In his interview, Smith levelled some pretty direct criticism at Trump himself over the Huawei situation, relating what is being done in the tech industry to what might take place in the leisure industry which is more familiar to the president. “To tell a tech company that it can sell products, but not buy an operating system or chips, is like telling a hotel company that it can open its doors, but not put beds in its hotel rooms or food in its restaurant. Either way, you put the survival of that company at risk.”

Microsoft has been criticized before for its work in China, particularly where that work might help developments in the security or military sectors.
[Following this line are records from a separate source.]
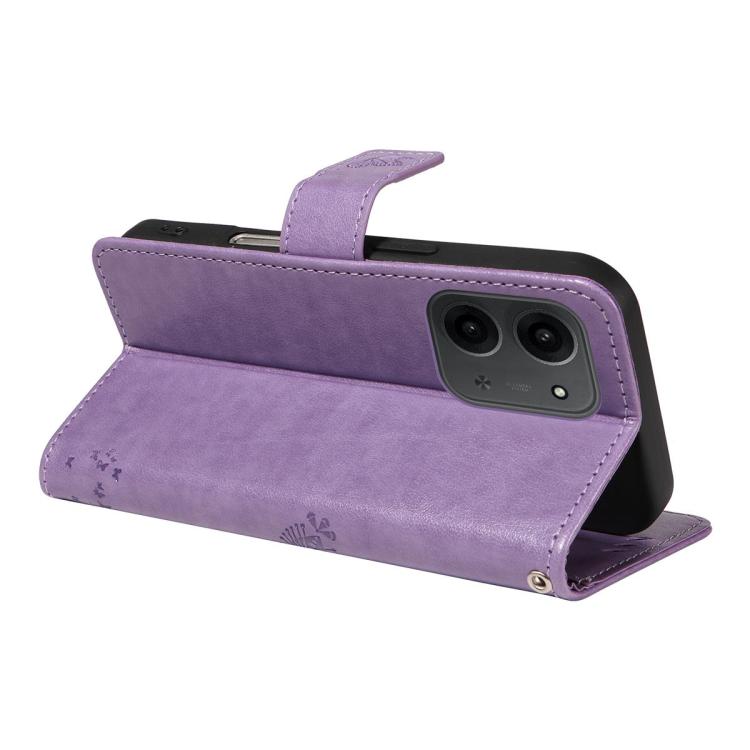 For Redmi 15C 5G / 4G Global 171mm Tree & Cat Embossed Pattern Flip Leather Phone Case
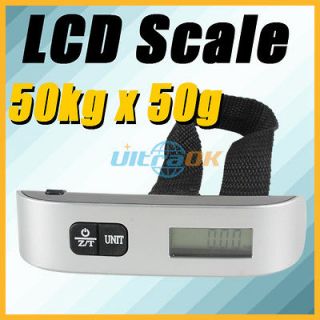 50g 50kg LCD Digital Electronic Luggage Scale Travel Scale 110lb /0.1 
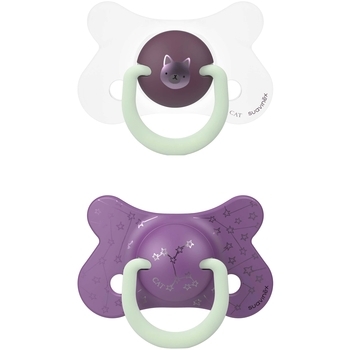 Пустушка силіконова Suavinex Котик, 18+ міс., нічна, фіолетовий, 2 шт. (307013) - Pampik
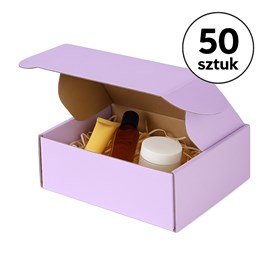 Zbiorcze zdjęcie 50 pudełek, jedno w zbliżeniu na krawędzie barwionej tektury.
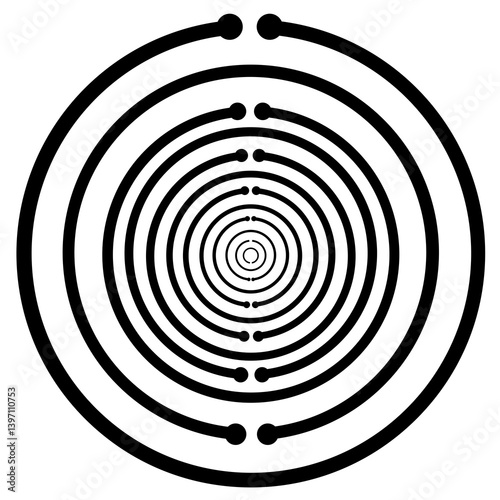 Illustration Oscillateur Antenne de Résonance, Emetteur d'Ondes Scalaires pour l'Harmonisation - Vecteur - Noir et Blanc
And Smith has now volunteered that tech trade with China might need some carve-outs.

Specifically with Huawei’s consumer business, though, such considerations do not apply. U.S. tech giants, including Microsoft, Google, Intel, Qualcomm, Nvidia and Facebook, all supply the Chinese company in some way, shape or form. There has been significant talk of U.S. firms lobbying their government to soften its stance, to give the Chinese company a break—at least until allegations are substantiated. And there are, of course, billions at stake—as much as $12 billion per year has reportedly been spent by Huawei on U.S. hardware or software components.

Following Trump’s meeting with President Xi, his Chinese counterpart in June, there was talk of exemptions for some of Huawei’s U.S. supply chain where national security concerns were not in play. This was confirmed by the Commerce Department—U.S. firms were encouraged to apply for licenses. But then the standoff hardened, and of the 100+ U.S. supplier applications none have reportedly been awarded.

At issue, of course, is the increasing likelihood that U.S. restrictions on Huawei will drive a global technology split. Huawei is getting set to launch its first smartphone absent U.S. tech, and analyst reports suggest this could cut its shipments by as much as 30%. This is driving an acceleration of the Chinese company’s plans for alternatives to U.S. hardware components, core operating system, software applications.

And such a split is a major risk for the U.S. giants that dominate the tech industry. “You can’t be a global technology leader if you can’t bring your technology to the globe,” Smith warned, made worse by the billions being invested by those same companies-including his own—to maintain their market-leading positions.

And, ultimately, the warning is for the U.S. itself, which benefits from controlling the global technology standard across so many domains. “The only way you can manage technology that’s global,” Smith warns Trump and others in Washington who may be listening, “is to have governments actually work with each other.”

“We are not dependent on the transitional periods of the U.S. government,” Huawei chairman Eric Xu told German newspaper Handelsblatt last week. “We are already self-sufficient today. If it were otherwise, we would have gone bankrupt.”

This follows developments in recent weeks which include the Huawei launch of a new OS, which ultimately will have to replace Android on smartphones if required, and rumors of other replacements for core apps, services, a developer ecosystem.

The warnings are clear—the stakes are high for the U.S., not just China and its tech champion. But whether any of those warnings will be heeded remains to be seen.

Update, 10 September: The original version of this story included the phrase “un-American” used in Bloomberg’s report of the interview. This was an interpretation of what was said by Brad Smith, and not a direct quote, and so has been removed.